### SOURCE MATERIAL
--- START ---

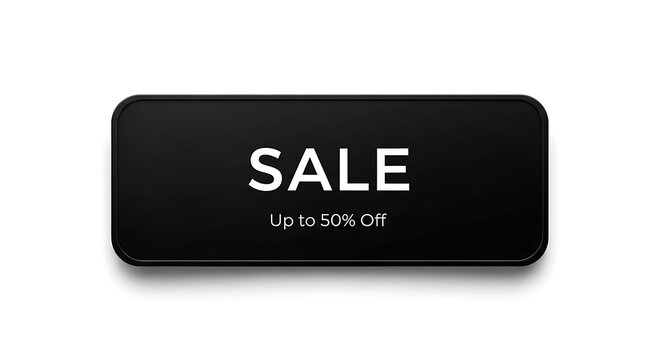 Black Sale Banner with Up to 50% Off Offer for Promotions and Deals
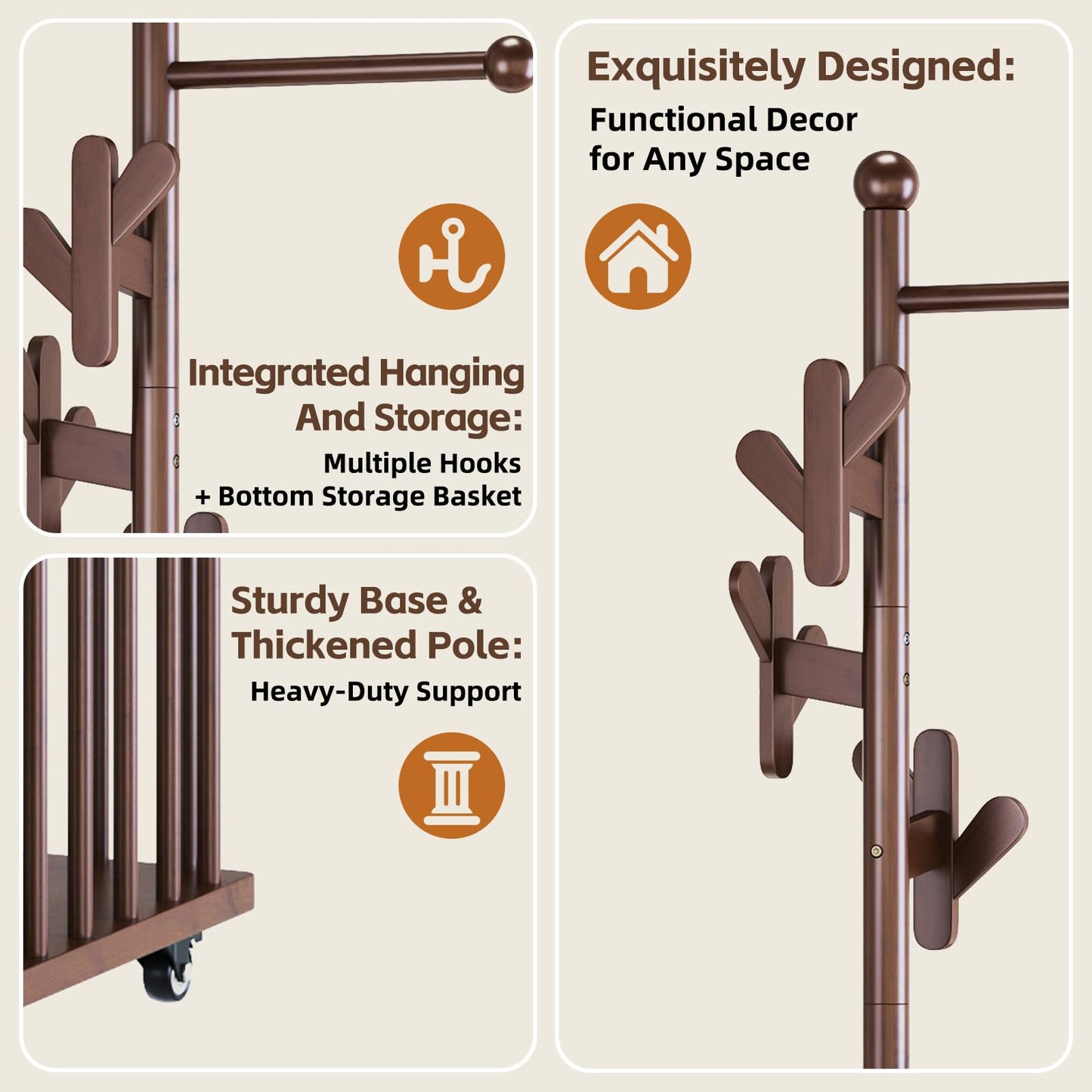 Cactus Freestanding Wooden Coat Rack with Storage Basket,Walnut Coat Rack with Hooks and Wheels,Space-Saving Entryway Organizer for Hanging Clothes,Bags and Storing Towels,Bedroom, Living Room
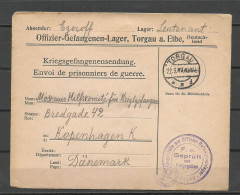 Deutschland Germany WWI 1917 Kriegsgefangenensendung Gefangenenlager Torgau Prisoner Post - Prigionieri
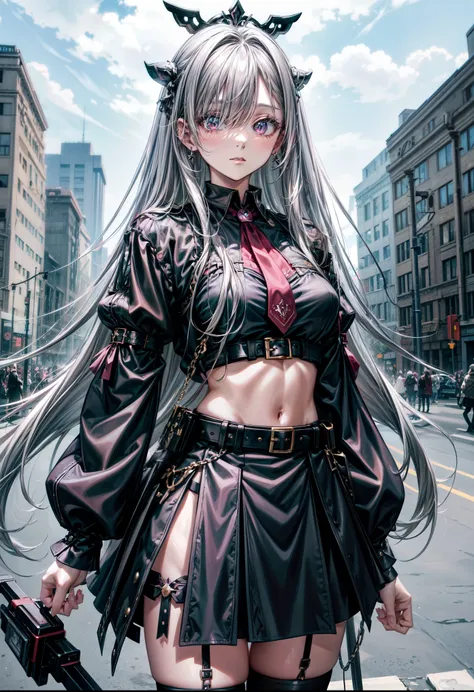 masterpiece, best quality, centered, cowboy shot, highres, elizabeth, 1girl, jewelry, single thighhigh, (long silver hair, hair ...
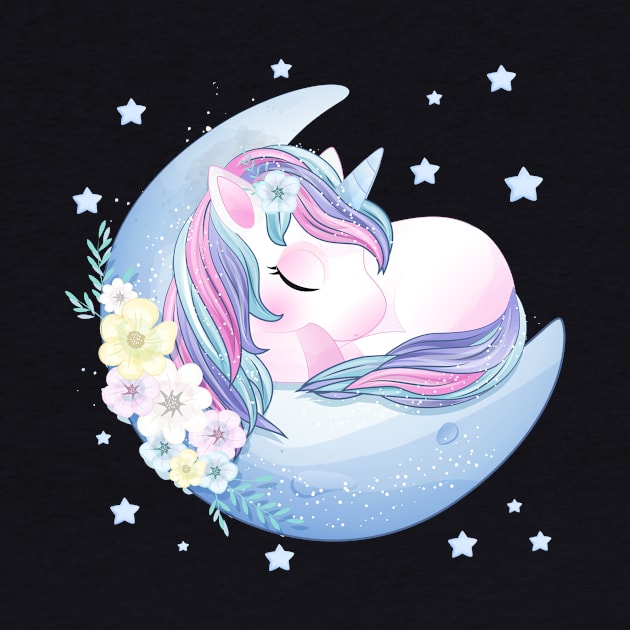 hand drawn cute unicorn sleeping moon by Tshirt lover 1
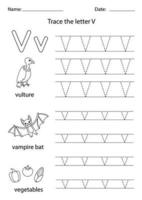 Learning English alphabet for kids. Letter V. vector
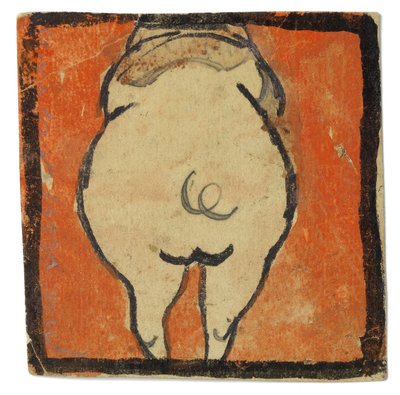 Entwurf für eine Wanddekoration im Atelier Wattmanngasse (Schwein von hinten?) door Egon Schiele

--- END ---

### WHAT YOU SHOULD DO
Leave out the pictures and reproduce the rest of the listing exactly.

### THE ANSWER
 Black Sale Banner with Up to 50% Off Offer for Promotions and Deals
 Cactus Freestanding Wooden Coat Rack with Storage Basket,Walnut Coat Rack with Hooks and Wheels,Space-Saving Entryway Organizer for Hanging Clothes,Bags and Storing Towels,Bedroom, Living Room
 Deutschland Germany WWI 1917 Kriegsgefangenensendung Gefangenenlager Torgau Prisoner Post - Prigionieri
 masterpiece, best quality, centered, cowboy shot, highres, elizabeth, 1girl, jewelry, single thighhigh, (long silver hair, hair ...
 hand drawn cute unicorn sleeping moon by Tshirt lover 1
 Learning English alphabet for kids. Letter V. vector
 Entwurf für eine Wanddekoration im Atelier Wattmanngasse (Schwein von hinten?) door Egon Schiele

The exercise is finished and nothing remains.